Plaintiff's daughters recall part in desegregation case

1/13/2004
BY CLYDE HUGHES
BLADE STAFF WRITER

ANN ARBOR - A half century ago, Linda Brown Thompson and Cheryl Brown Henderson were on the cusp of history.

Now they hope the 50th anniversary of the landmark U.S. Supreme Court decision striking down the doctrine of “separate but equal” will cause people to take a hard look at the ruling and see what it has accomplished and what remains to be done.

“I think for nearly five decades, people have reacted to Brown vs. Board of Education and not necessarily tried to look for a solution,” said Ms. Brown Henderson, chairman of the Brown Foundation. “Education is the foundation of this nation. There hasn't been anything done by accident. There has to be a motivation or people wouldn't [segregate]. We need to examine and talk about that so we can move on.”

The two women spoke last night to about 1,000 students, professors, and residents in crowded Rackham Auditorium on the University of Michigan campus as part of the university's Martin Luther King, Jr., symposium.

The sisters said their father, the Rev. Oliver Brown, had no idea of the legacy the decision would leave or the controversy it would create even today.

“We were living in the calm of the hurricane's eye, wondering if it would ever end,” said Linda Brown Thompson. “When our father stepped off the stand [after his court testimony], he didn't know he was stepping into history.”

Both sisters said they remembered laughter, joy, and celebration at their home at the time of the decision. But they realized in the days and years to come how slowly it would take for change really to come.

Ms. Brown Henderson said the case affected the United States on several levels. Along with overturning the separate but equal doctrine, it forced the country to look at how it was viewed internationally.

“It was the time of the Cold War, and the Soviet Union questioned how the United States could call itself the moral voice of the world while having its own human rights abuses,” Ms. Brown Henderson said. “This country needed a Brown vs. Board of Education.”

The sisters said they were pleased with the number of students across the country who supported the University of Michigan's affirmative action case.

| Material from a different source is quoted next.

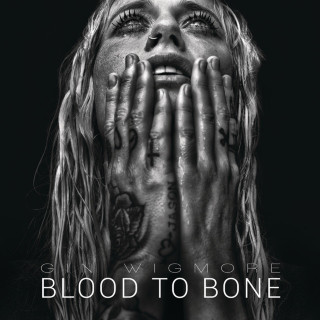 Gin Wigmore - Blood To Bone album cover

The Supreme Court affirmed a portion of the university's admissions policy, allowing it to continue using race as a factor in admissions.

“Our father was in his early 30s and our mother in her late 20s when Brown vs. Board of Education started,” Ms. Brown Henderson said. “Dr. [Martin Luther] King was just 26 when he entered Ebenezer Baptist Church. They were not much older than all of you in the audience. History is filled with ordinary people making a difference.”